Friction fire lighting Having watched a few youtube guides on making a fire by friction, namely the spindle and fireboard method, I've heard many of the instructors talk about how the shape of the spindle at its ends should be point-like at the top and blunt/round at the bottom. They then go attribute this to the idea that one would want as little friction at the top and most friction at the bottom. Whilst this seems to be intuitively correct, my very basic knowledge of physics tells me that idealised friction is independent of apparent surface area and just proportional to the normal force (also proportional to actual contact area?). I tried thinking about this in terms of energy but still couldn't get my head around it.

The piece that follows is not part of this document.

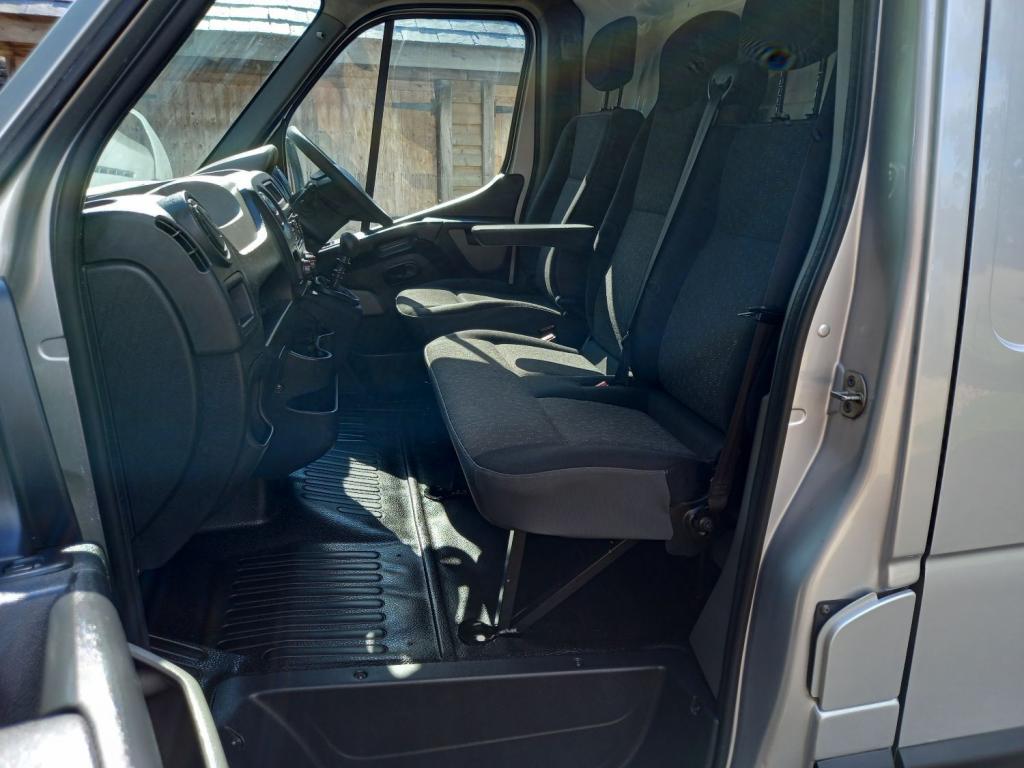 VAUXHALL MOVANO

I also find it difficult to believe that the consensus of many, especially those with years of experience find this to be the case. It seems unlikely,though not impossible, that they have all come to wrong conclusion. So, my question is this: Is a blunt end for a spindle better than a sharp point, or is the shape irrelevant and if so how might you reconcile these 2 ideas (are they all wrong?)? Also if you have any empirical evidence to back this, or links to, that would be greatly appreciated.
 A: You want a point at top and a flat area at bottom.  You want most of the friction torque to be at the bottom where you are trying to create embers.
Given the same material, ideally the friction force is proportional to the normal force and the speed.  However, the friction torque of a rotating shaft is proportional to these times the radius.  It is this torque times the rotational speed that makes power, which causes the heat to make the embers.  Added to that, the friction is probably not that ideal and viscous.
What spins better on your table, a top or a coffee cup of the same weight?  Obviously the coffee cup stops spining much faster than the top.  Intuitively you can see that the coffee cup has much more friction against spinning than the top does.  This friction times rotation rate causes power to be dissipated as heat at the interface.
A: Well, I'm not sure if you can use the ideal friction for this case. But the surface area does matter, if you want to light something up.
Given the same normal force over 2 different surface areas, you would experience the same resistive force right? So given the same moving velocity (simplification), the power dissipation should be the same.
The question then simplifies to: Is it easier to set the material on fire to concentrate this power in a small area or let it spread over a larger area? I think the answer is obvious at this stage.